What you should do → Set down each line from the line holding "Vagíny - nevibračné" to the last line of the entries below, exactly, with both ends included and without pictures.

Captioned web image data
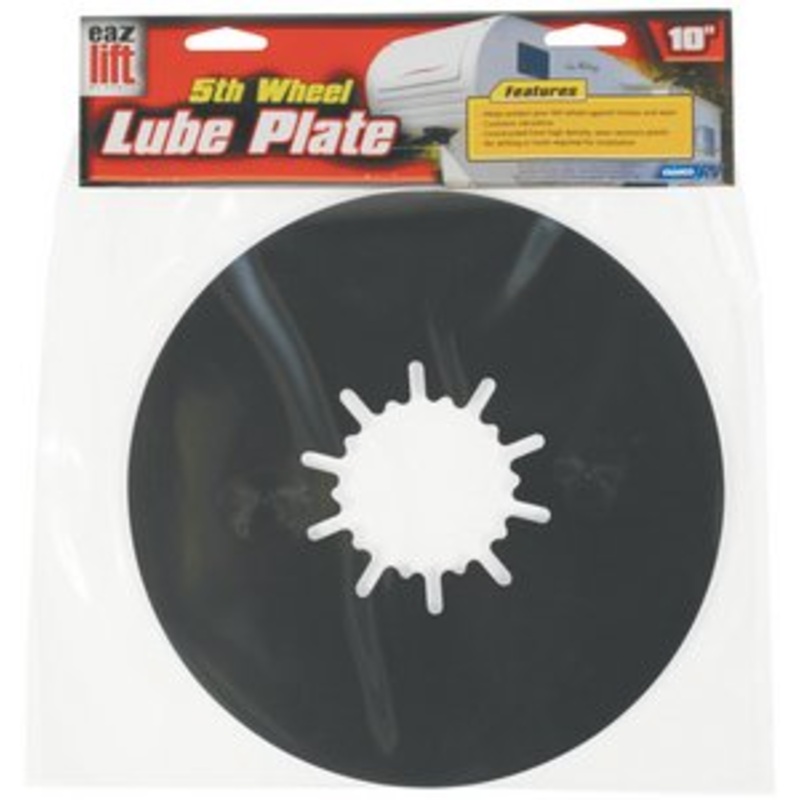Camco Marine – 5th Wheel Lube Plate-12in Replaces P/n 117-44675 – 44675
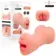 Vagíny - nevibračné - Intense deep touch Riley oboustranný masturbátor - D-244821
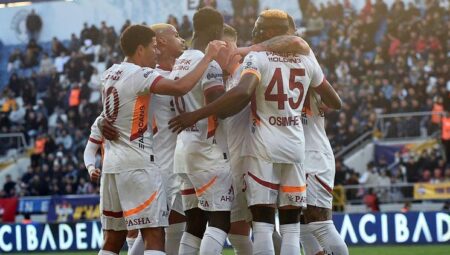 Başkan Galatasaray, Sivasspor’u ağırlıyor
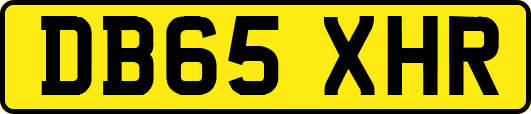 DB65XHR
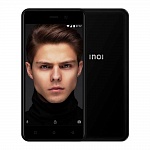 INOI 2 LITE 2019 4GB BLACK (2 SIM, ANDROID)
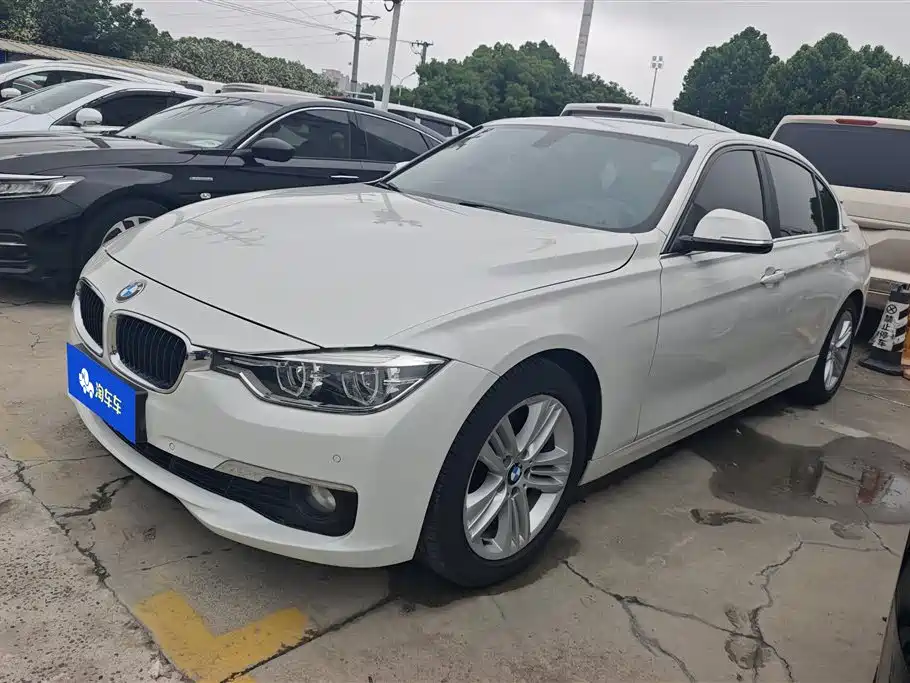 BMW 3 Series 2017 320Li Fashion
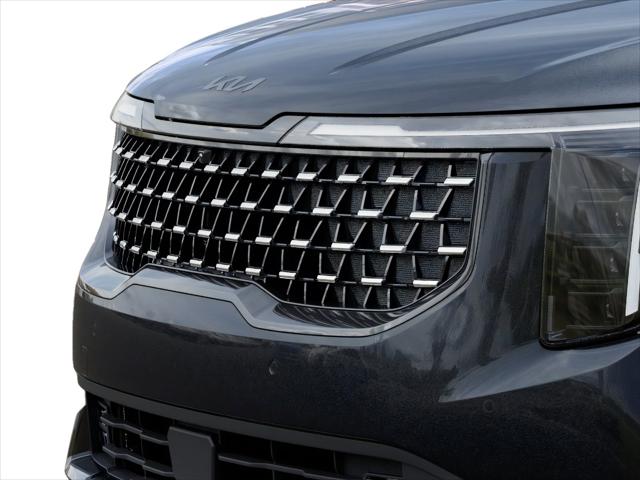 2026 Kia Carnival MPV SX Prestige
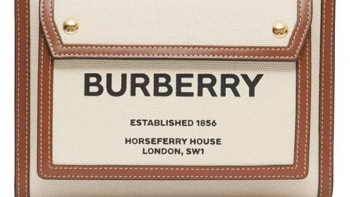 Giá túi xách Thomas Burberry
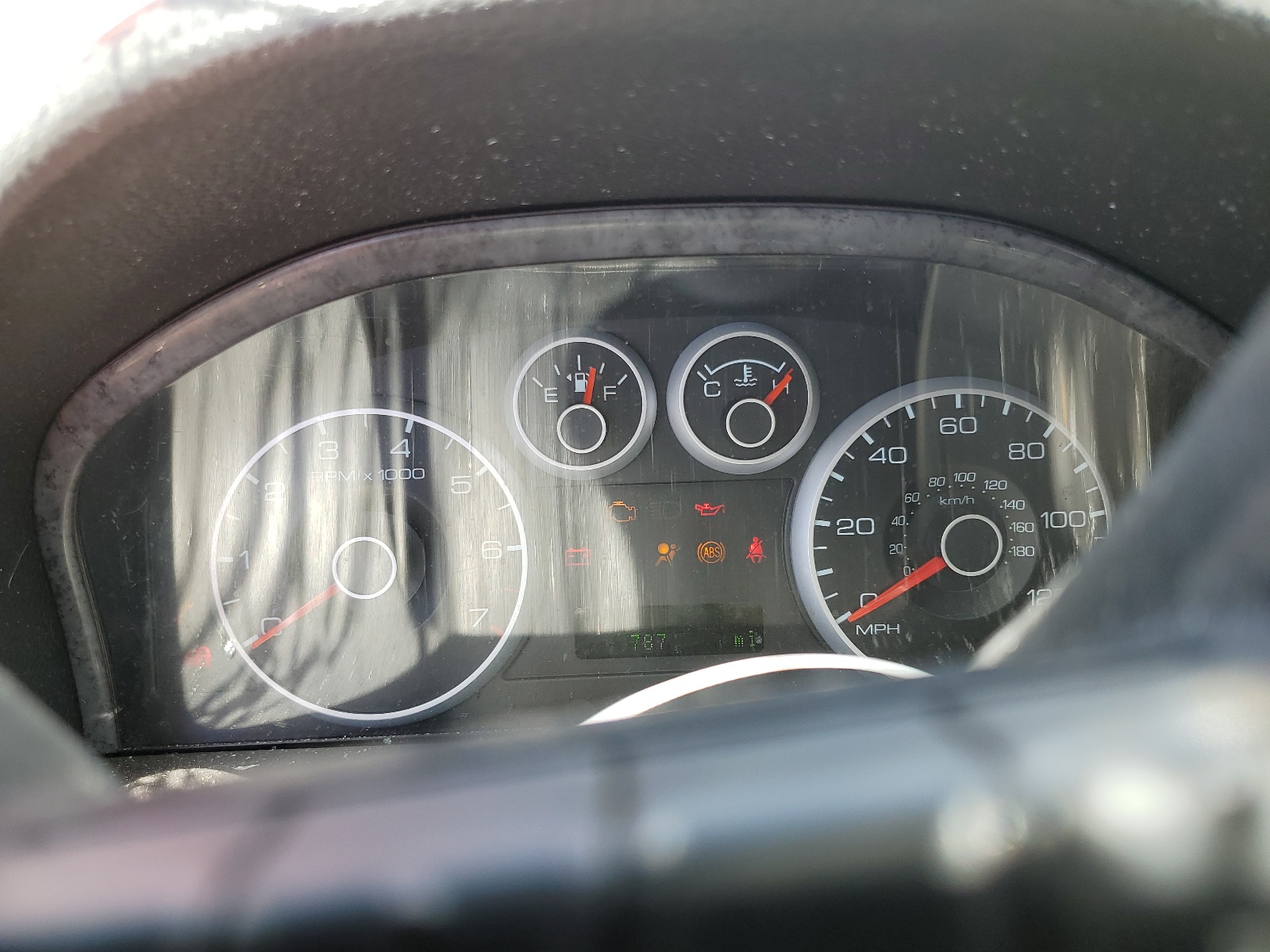 3FAHP07Z66R133749 2006 Ford Fusion Se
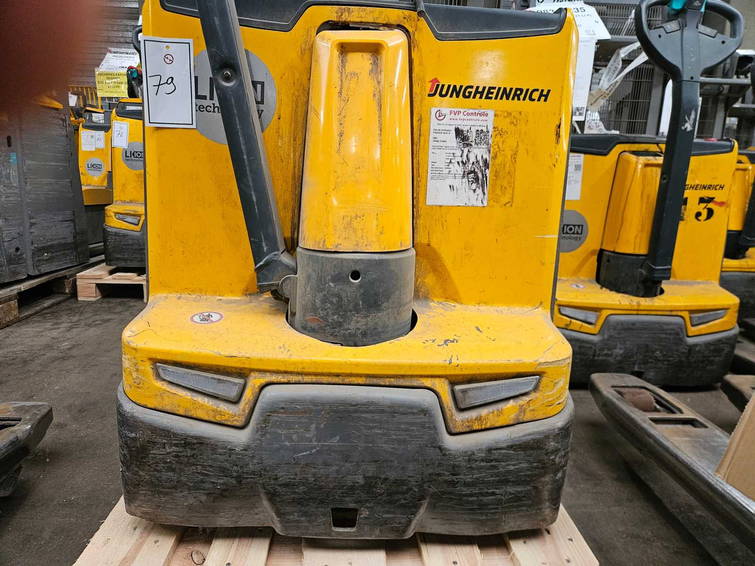 Jungheinrich EJD 222 119 GAB 201 ZT LI PC 6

Final answer →
 Vagíny - nevibračné - Intense deep touch Riley oboustranný masturbátor - D-244821
 Başkan Galatasaray, Sivasspor’u ağırlıyor
 DB65XHR
 INOI 2 LITE 2019 4GB BLACK (2 SIM, ANDROID)
 BMW 3 Series 2017 320Li Fashion
 2026 Kia Carnival MPV SX Prestige
 Giá túi xách Thomas Burberry
 3FAHP07Z66R133749 2006 Ford Fusion Se
 Jungheinrich EJD 222 119 GAB 201 ZT LI PC 6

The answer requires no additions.